Ambiguity and Contradiction in New Relief Works by José Santos III
Born in Manila, Philippines in 1970, José Santos III has led numerous artistic lives. His early paintings incorporated mixed media collage and motifs appropriated from Western artworks, placed together in anachronistic compositions that seemed to resist the traditionally linear narrative structure of most European painting. In 2009, however, the artist abruptly changed paths, abandoning figuration—and paint on canvas—to pursue more concrete concerns, and turning his attention toward texture and material.
For his newest exhibition at Pearl Lam Galleries, Santos has created a body of clean, spare objects in epoxy relief that confound the divisions between categories usually considered to be in conflict, or even antipodal. Titled “2hide”—a wry play on the word’s twofold meanings as verb and noun, one suggesting the act of concealment and the other describing a skin that acts as a protective exterior surface—the show investigates a fluid conceptual space in which “inside” and “outside,” “hard” and “soft,” “front” and “back” are both interchangeable and simultaneous.

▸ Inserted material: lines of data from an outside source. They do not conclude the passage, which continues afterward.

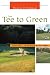 From Tee to Green: Seeing God ... in the Middle of the Fairway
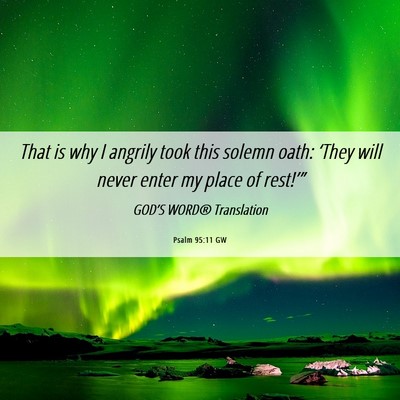 Picture 06 - Psalm 95:11 GW - That is why I angrily took this solemn oath: - Bible Verse Picture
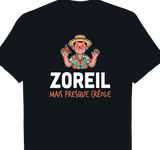 T-shirt Zoreil Mais Presque Créole humour île de la Réunion 974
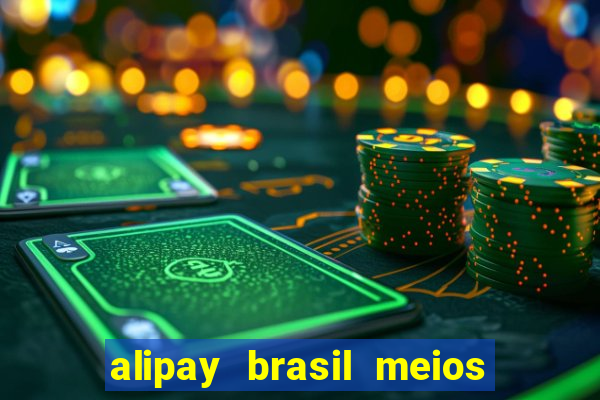 alipay brasil meios de pagamento ltda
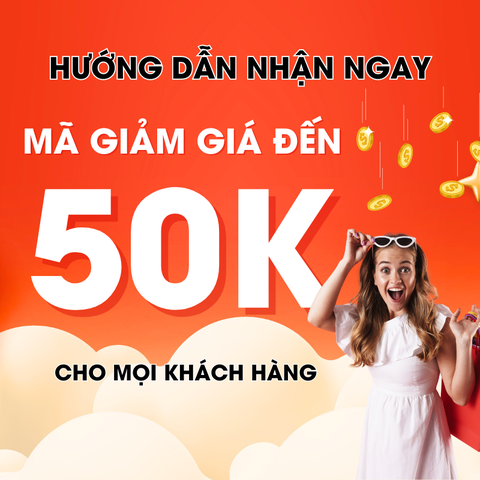 Mã ưu đãi 50k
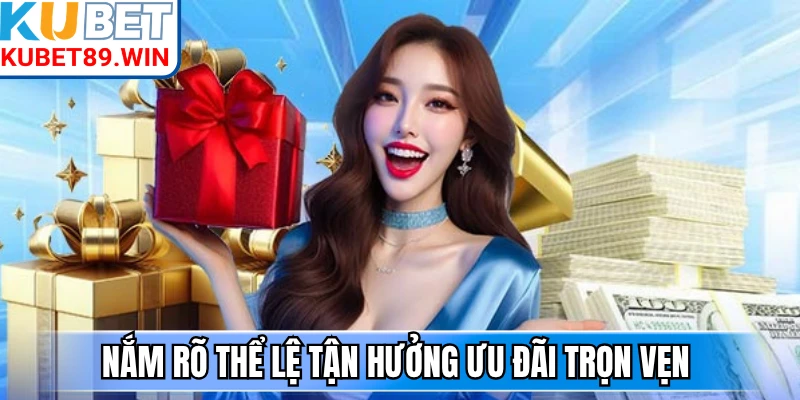 Nắm rõ thể lệ tận hưởng ưu đãi trọn vẹn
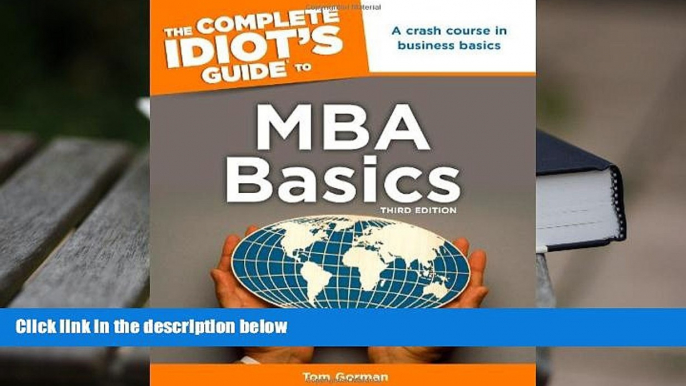 Read Book The Complete Idiot s Guide to MBA Basics, 3rd Edition (Complete Idiot s Guides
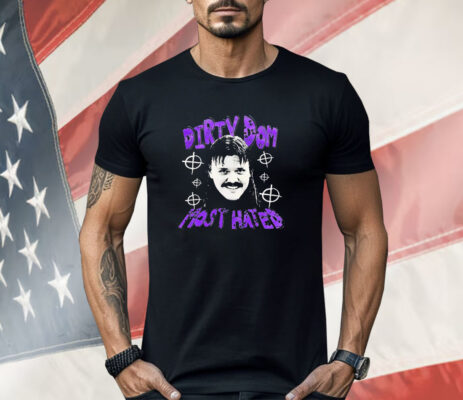 Dirty Dom most hated T-Shirt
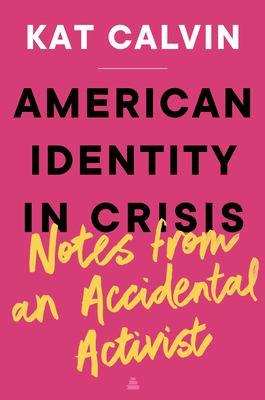 American Identity in Crisis: Notes from an Accidental Activist by Kat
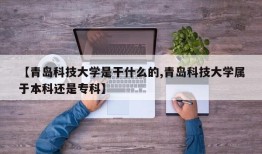 【青岛科技大学是干什么的,青岛科技大学属于本科还是专科】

Abstract Reasoning (2014) presents a suite of four window frame-shaped wall works the color of bare canvas, or paper. Exhibited in a horizontal line, they quickly organize themselves visually into two distinct sets of partners, each consisting of a cast epoxy form and its impression, hardened into epoxy relief. But which of each pair was created first—which might be considered the object and which its imprint—is unintelligible. In Higher Ground (1-3) (2014), Santos III plumbs the disorienting possibilities of materials, loosely wrapping a series of boxes in ostensibly flowing folds of resinated fabric and and affixing them into three tall stacks. Perceived simultaneously as an arrangement of right angles and delicate pleats, the installation enacts the sort of visual ambiguity consistent throughout the artist’s work. Taken altogether, the exhibition intimates the subjective, even contradictory nature of visual perception.
“2hide” is on view at Pearl Lam Galleries, Singapore, Nov. 22, 2014–Jan. 8, 2015.